Bakan Bilgin'in konuşmasından öne çıkanlar şöyle:

"Küçük ve orta ölçekli işletmelerde sendikalaşmaya ve işçilerin sendikal haklarına karşı bir tavrın gelişmiş olması ve bir zihniyetin var olması. Bu bir tarihsel sorun olarak görülebilir ama buna karşı mücadele etmek tüm siyasi partilerin önemli bir görevidir. Emekçilerin, sermaye karşısında örgütlenmesini sağlayacak mücadeleyi desteklememiz lazım. 

Sendikalaşan iş yerlerinde, örgütlenen işçilere karşı tavırlar var. Örgütlenen işçileri, iş yerlerinden atmaya kadar uzanan girişimler var. Bunlar bana ulaştığı zaman sendikanın kimliğine hiç bakmam. Patronunu ararım. Bizim hukukumuza aykırı hangi işlem varsa uygularım, kapatmak da dahil.
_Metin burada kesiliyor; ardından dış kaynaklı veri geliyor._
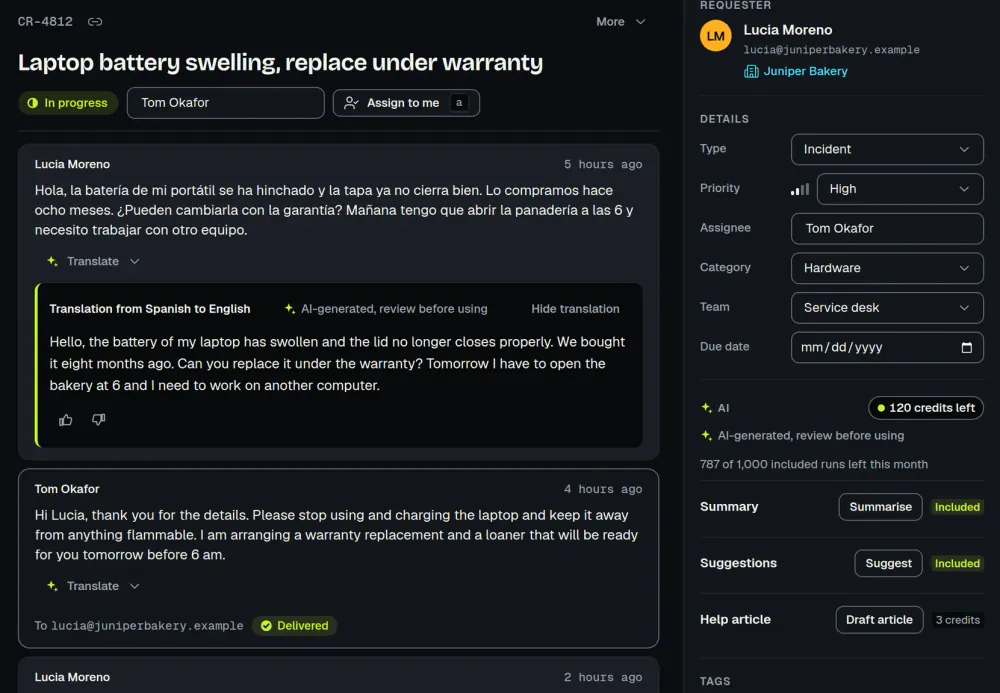 An ActiveQ ticket where the customer wrote in Spanish, with the AI translation into English shown under the original message and marked AI-generated, review before using. Sample data.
Bizim görev alanımızda çalışma ilişkileri ilk sırada yer almaktadır. Endüstriyel ilişkilerde, işçi-işveren ilişkisi önemlidir. Biz devlet olarak nerede duruyoruz sorusu Cumhuriyetin kuruluşundan itibaren devlet emekçilerinin hukukunu düzenleyecek tedbirleri almaya gayret etmiştir. Cumhuriyet, herkesin cumhuriyetidir. Çalışanlarını koruyan bir sosyal devlet anlayışına dayanmaktadır. Modern toplumda sendikalar en önemli kurumdur. Emekçilerin örgütlenmesi onları işverene karşı eşit hale getirecek bir müessese olarak düşünülmüştür. Kanunlarımız bu anlayışla işlev görmektedir. Sendikalaşmayı önemli görüyoruz. Türkiye'de kamuda sendikalaşma oranı yüksek sayılabilir, işçilerimizde oran düşüktür. Yüzde 14 oranı Türkiye'nin geldiği yere oldukça geri anlayıştır. Neden küçük ve orta ölçekli işletmelerde böyledir. Tutucu bir anlayıştır.